# any Scottish rallies?



## adbe (May 1, 2005)

We would love to go to a rally, but because we need to get an evening ferry , we can't make the English ones


----------



## clianthus (Jul 8, 2006)

Hi adbe

There isn't anything in the pipeline at the moment as far as I know, sorry.

Unfortuneately we only have one Rally Co-ordinator in Scotland - carolgavin. 

She did a rally recently but it is a huge area for one person to cover so if you have any ideas for meets or rallies please contact her or perhaps you would consider organising something yourself?


----------



## whistlinggypsy (May 1, 2005)

adbe, have a go at a meet for the first time, just tell people where you will be on a given weekend and ask if anyone wants to join you, its very informal and without the constraints of running a rally.
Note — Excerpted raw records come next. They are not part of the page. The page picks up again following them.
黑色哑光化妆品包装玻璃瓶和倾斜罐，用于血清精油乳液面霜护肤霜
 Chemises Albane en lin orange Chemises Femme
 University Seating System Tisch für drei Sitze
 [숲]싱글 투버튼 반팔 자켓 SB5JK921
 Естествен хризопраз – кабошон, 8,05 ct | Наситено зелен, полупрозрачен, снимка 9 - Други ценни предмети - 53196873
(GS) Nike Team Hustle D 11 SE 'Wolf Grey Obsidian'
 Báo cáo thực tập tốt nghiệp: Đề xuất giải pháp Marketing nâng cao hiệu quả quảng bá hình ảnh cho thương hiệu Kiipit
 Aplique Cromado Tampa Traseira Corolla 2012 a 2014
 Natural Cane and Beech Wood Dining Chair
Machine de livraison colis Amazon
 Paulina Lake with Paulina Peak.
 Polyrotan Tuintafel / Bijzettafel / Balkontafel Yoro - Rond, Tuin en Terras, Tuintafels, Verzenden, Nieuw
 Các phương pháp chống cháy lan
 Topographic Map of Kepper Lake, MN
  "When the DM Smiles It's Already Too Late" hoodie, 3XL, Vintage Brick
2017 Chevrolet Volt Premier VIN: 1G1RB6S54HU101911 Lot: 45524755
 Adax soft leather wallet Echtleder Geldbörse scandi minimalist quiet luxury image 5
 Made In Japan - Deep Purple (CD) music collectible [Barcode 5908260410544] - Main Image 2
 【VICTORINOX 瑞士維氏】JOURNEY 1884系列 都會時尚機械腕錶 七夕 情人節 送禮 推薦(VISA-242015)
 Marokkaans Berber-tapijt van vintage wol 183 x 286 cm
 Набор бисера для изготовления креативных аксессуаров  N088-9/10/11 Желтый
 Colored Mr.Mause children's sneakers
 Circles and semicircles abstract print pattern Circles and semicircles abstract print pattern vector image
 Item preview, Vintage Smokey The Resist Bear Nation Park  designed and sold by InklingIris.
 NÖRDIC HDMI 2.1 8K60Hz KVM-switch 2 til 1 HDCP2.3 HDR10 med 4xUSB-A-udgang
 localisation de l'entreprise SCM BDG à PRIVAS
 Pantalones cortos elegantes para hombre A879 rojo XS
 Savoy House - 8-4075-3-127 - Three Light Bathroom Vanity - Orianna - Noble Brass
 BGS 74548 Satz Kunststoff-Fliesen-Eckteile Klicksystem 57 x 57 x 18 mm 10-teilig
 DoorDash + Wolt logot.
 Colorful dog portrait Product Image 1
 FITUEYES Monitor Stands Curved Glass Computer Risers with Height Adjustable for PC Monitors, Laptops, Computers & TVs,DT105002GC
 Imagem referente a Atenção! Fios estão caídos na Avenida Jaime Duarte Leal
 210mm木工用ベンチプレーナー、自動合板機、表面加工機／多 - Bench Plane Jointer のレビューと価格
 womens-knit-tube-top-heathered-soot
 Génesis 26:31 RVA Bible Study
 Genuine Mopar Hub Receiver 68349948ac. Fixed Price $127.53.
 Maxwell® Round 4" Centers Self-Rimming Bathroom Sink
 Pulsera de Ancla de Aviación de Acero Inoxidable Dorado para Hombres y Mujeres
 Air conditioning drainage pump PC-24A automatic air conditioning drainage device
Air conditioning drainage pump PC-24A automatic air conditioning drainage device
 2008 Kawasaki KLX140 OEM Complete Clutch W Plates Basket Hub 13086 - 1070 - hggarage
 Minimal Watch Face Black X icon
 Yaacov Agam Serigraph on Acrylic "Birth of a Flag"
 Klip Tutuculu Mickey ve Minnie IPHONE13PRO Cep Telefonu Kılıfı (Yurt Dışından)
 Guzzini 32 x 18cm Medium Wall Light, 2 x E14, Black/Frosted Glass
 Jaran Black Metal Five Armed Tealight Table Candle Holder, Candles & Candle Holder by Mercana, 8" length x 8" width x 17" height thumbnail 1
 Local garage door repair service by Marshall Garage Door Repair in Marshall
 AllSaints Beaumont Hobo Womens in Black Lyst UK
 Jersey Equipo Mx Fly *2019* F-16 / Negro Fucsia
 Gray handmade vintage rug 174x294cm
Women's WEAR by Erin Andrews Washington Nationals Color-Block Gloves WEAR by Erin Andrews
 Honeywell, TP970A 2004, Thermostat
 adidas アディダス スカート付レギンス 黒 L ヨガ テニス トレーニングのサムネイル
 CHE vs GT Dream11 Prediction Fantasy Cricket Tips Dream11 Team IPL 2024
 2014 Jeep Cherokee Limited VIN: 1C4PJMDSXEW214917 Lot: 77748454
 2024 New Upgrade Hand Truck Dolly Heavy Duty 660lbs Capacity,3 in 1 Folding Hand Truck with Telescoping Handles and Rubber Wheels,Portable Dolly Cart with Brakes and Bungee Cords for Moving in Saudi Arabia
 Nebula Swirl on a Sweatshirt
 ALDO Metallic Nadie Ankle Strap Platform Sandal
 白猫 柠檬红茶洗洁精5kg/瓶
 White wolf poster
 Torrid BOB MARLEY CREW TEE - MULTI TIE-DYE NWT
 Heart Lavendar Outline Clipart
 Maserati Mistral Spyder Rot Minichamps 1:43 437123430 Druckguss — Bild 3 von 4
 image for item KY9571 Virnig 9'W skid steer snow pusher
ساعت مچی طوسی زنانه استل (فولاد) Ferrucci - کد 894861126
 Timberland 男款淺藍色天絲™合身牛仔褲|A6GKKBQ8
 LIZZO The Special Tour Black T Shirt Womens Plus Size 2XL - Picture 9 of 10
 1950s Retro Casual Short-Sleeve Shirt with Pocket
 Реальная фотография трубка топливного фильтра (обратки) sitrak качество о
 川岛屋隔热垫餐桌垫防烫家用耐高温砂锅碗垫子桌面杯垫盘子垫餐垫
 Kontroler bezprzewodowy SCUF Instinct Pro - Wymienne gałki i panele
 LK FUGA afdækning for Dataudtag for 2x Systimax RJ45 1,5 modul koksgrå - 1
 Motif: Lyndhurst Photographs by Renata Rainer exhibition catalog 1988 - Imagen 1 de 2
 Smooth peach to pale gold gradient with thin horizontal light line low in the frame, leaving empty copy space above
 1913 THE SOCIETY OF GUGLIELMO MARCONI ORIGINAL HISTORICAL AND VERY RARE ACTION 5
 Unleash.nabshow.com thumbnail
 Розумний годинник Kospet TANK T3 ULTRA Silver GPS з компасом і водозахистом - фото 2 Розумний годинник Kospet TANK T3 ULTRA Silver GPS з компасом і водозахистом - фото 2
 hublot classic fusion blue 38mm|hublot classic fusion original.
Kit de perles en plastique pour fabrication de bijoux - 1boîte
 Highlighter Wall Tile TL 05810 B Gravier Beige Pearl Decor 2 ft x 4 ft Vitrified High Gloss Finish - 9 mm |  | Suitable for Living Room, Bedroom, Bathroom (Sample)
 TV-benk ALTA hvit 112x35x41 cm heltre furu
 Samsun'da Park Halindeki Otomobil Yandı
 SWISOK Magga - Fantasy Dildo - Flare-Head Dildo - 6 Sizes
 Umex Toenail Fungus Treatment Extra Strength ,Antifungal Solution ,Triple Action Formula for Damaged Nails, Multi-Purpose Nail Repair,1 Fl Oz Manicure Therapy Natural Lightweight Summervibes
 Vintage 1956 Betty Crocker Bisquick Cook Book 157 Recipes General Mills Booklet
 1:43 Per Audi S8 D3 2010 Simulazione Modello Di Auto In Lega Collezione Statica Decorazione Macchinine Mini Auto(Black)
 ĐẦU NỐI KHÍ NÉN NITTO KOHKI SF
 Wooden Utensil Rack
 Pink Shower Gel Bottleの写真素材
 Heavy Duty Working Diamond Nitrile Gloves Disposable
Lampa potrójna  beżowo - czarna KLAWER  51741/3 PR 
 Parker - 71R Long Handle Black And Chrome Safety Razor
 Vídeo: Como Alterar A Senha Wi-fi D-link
You can always join in with carolgavin and arrange a proper rally, the problem these days are that folk are reluctant to travel hundreds of miles for a weekend because the cost of the fuel, so maybe a week or fortnight rally sometime next year may be the answer.

Regards

Bob


----------



## carolgavin (May 9, 2005)

adbe said:


> We would love to go to a rally, but because we need to get an evening ferry , we can't make the English ones


Hiya adbe, had hoped to organise a rally this summer but unfortunately with no van its a bit difficult    We have no idea when (or if!) we will have a van we can use again so untill then rallies are aff!! Unless of course another scottish member would like to organise one..............over to you!!!!!


----------



## clubman (Sep 3, 2007)

*scottish rallies*

G to the scottmcc.org site, if you are a member, there are about a dozen rallies every year including xmas and new year ones. The next will be at Crieff in Perthshire next weekend, maybe see you there ? The initals stand for the Scottish Motor Caravanners Club which has been around for years.


----------



## adbe (May 1, 2005)

Clianthus, Carolgavin, Whistlinggipsy, Clubman. Many thanks to all for suggestions.
I fell about when arranging a rally was suggested! organisation is definitely not my forte. I would help at anything, but leave running and organisation to experts. It is a great idea to go and see how a rally goes- and yes, we are members of the Scottish group- I had forgotten.Will check their dates against the offduty rota.He is off for the whole summer
Part of it is, of course nosiness,seeing all your comments on here, putting names to faces.


----------



## carolgavin (May 9, 2005)

adbe said:


> Part of it is, of course nosiness,seeing all your comments on here, putting names to faces.


You is my kinda wummin      Am liking your style muchly!! Where do you stay could meet up without mohos


----------